Il sole è una palla infuocata in un cielo blu terso che splende appena sopra la barriera di scogli oltre la quale si vede il mare. Il frinire assordante delle cicale, come le onde che battono sulla battigia si mischiano ai canti popolari trasportandoci nei colori e nei suoni in Sicilia. Il gruppo di case bianche – con l’uscio sempre aperto a dire fiducia e comunicazione tra le persone – si affaccia su uno spazio comune, una piazzola alla fine di ripide scalinate, bianche anche loro, centro gravitazionale della scena. È il luogo di aggregazione della piccola società contadina del borgo marinaro di Porto Empedocle, dove il regista ha scelto di ambientare la pièce trasportandola nei primi anni ’40. È qui che la commedia campestre, tra le prime scritte da Pirandello, prende vita. Luogo di solidarietà, pettegolezzi e condivisione del lavoro per una società tutta al femminile, strutturalmente organizzata in una complicata e rigida gerarchia, ma al cui vertice ci sono sempre e solo uomini.

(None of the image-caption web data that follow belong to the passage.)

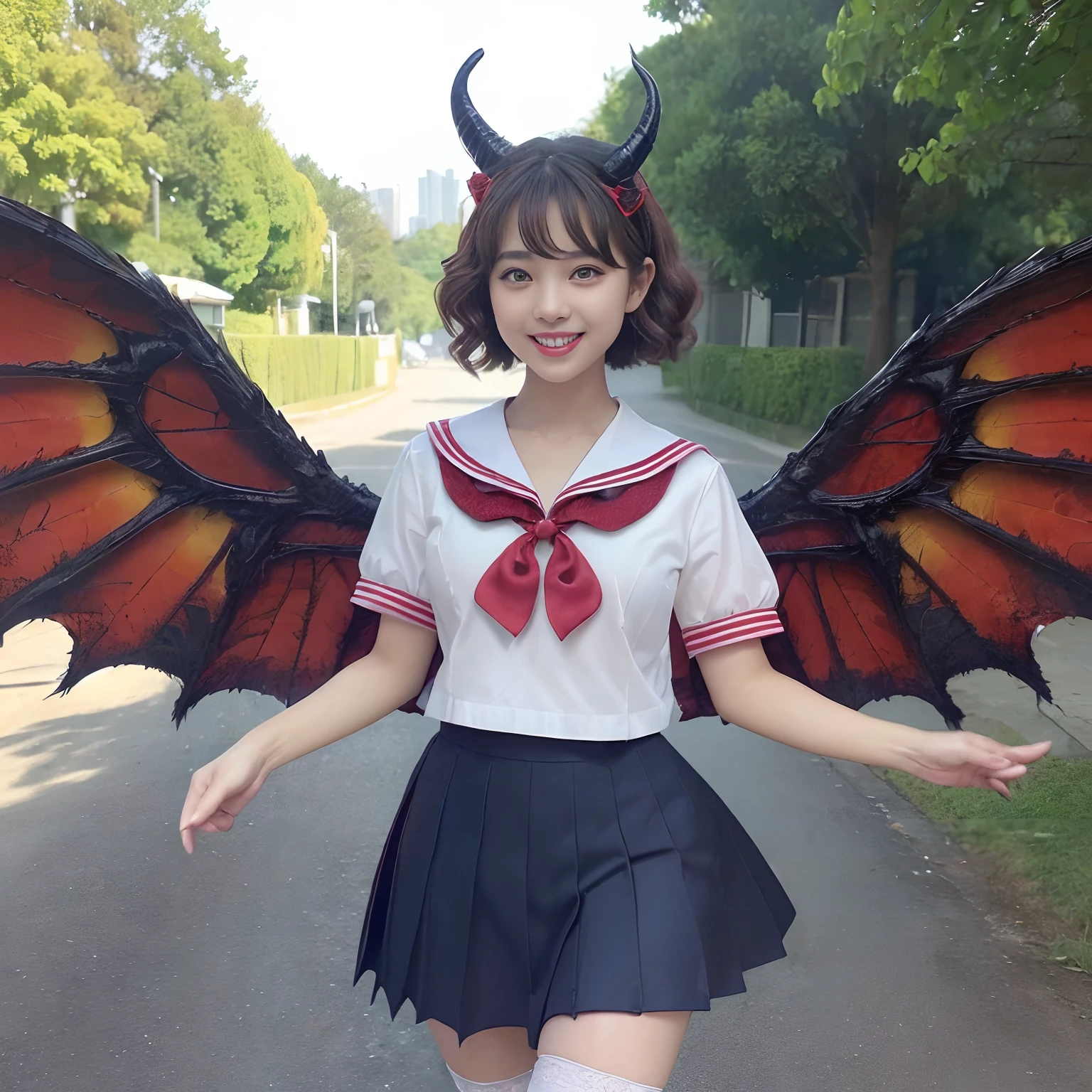(((masutepiece、top-quality)))((1 girl、Wearing a sailor suit、School Sailor Uniform、Perfect sailor suit、Red ribbons、Navy skirt))、((Huge and intricate demon wings,Wings with a very elaborate texture,Wings with a very complex texture,Creature wings with a very realistic texture,Wings with the most elaborate textures、Perfectly reproduced spooky wing textures、Very flaky and detailed wing textures、Wings of a terrifying monster,Terrible and ugly wings、The most terrifying wings、Big Devil's Horn,Realistic and big horns,Very complex and horrible devil horns、Creepy horns,Horn with a very elaborate texture、Terrible and ugly horns、((The background is the route to school、Walking along the school route surrounded by nature、Walking on the way to school))、8K,An ultra-high picture quality,The most beautiful idol faces,Mature Face、The biggest smile staring at the camera、美丽的面容、Beautiful teeth、natural make up、Natural bright lighting、short-hair、waved hair、Classy wavy hair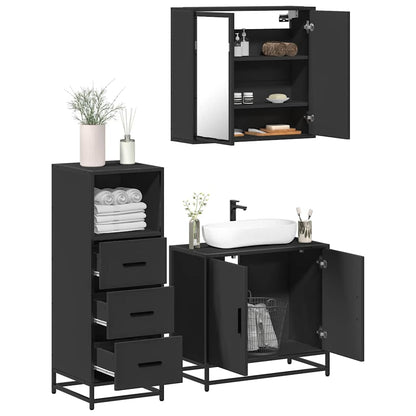 Set Mobili da Bagno 3 pz Nero in Legno Multistrato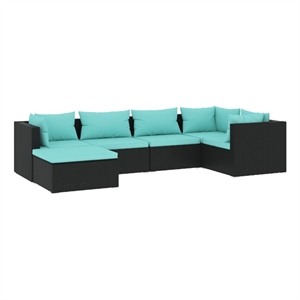 vidaXL 6 Piece Steel Small Garden Lounge Set in Black/Blue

Liolà è un contadino allegro e spensierato che ama tutte le donne ma non ne vuole sposare nessuna, un dongiovanni dai buoni sentimenti. Ha già tre figli, frutto di fuggevoli amori, che sua madre si dà la briga di crescere. Ne aspetta un altro da Tuzza, che vorrebbe per questo motivo chiedere in sposa, ma la proposta è rifiutata nonostante il peso della vergogna di una gravidanza illecita. Liolà si inserisce nella società in cui vive come una voce fuori dal coro. La sua filosofia del vivere senza morale ma con virtù – perché chi non ha virtù non sa regnare – è contagiosa e abbindolatrice. L’interpretazione di Giulio Corso, con le sue capacità vocali e mimiche da bravo cuntatore di storie, aggiungono al personaggio una notevole dose di simpatia e vitalità.

La roba appartiene invece tutta a Zio Simone, comico e goffo nella versione di Enrico Guarneri. È il ricco del villaggio ossessionato dal problema di non avere figli e quindi eredi a cui lasciare i suoi beni. La sua sterilità darà occasione a Zia Croce e a sua nipote Tuzza di ordire un intrigo per accaparrarsi una posizione economicamente più favorevole, nascondendo insieme il disonore della ragazza. Ma l’intervento di Liolà cambierà i piani. Metterà incinta anche Mita, la giovane sposa legittima di Zio Simone – umiliata e derisa da Tuzza in faccia a tutto il paese – dando così alla ragazza la possibilità di riscattarsi. Il figlio che nascerà da Tuzza si unirà al numero di quelli che Liolà già ha sulle spalle – “tre più uno fa quattro” dirà– a sottolineare la bontà della sua onestà di eroe positivo.

L’uso marcato del dialetto siciliano rende difficile la comprensione all’inizio, ma l’orecchio fa presto ad abituarsi. Allora ecco che emergono sfumature di senso che vanno ad arricchire la drammaturgia, aggiungendo al testo una sorta di leggerezza e realtà che altrimenti non sarebbe godibile. Anche il punto più tragico, il momento del capovolgimento del dramma operato da Liolà, diventa leggero. Merito anche di una recitazione che in più punti si avvale della soluzione comica di scimmiottare e gesticolare per mettere in ridicolo alcuni personaggi, sottolineandone l’esagerazione. Ma è la notevole partecipazione di Anna Malvica ad aumentare il valore di questo adattamento. La sua Zia Croce si distingue per verità e forza e perché porta sulla scena una conoscenza e una saggezza popolare che di questa storia ne sono l’anima.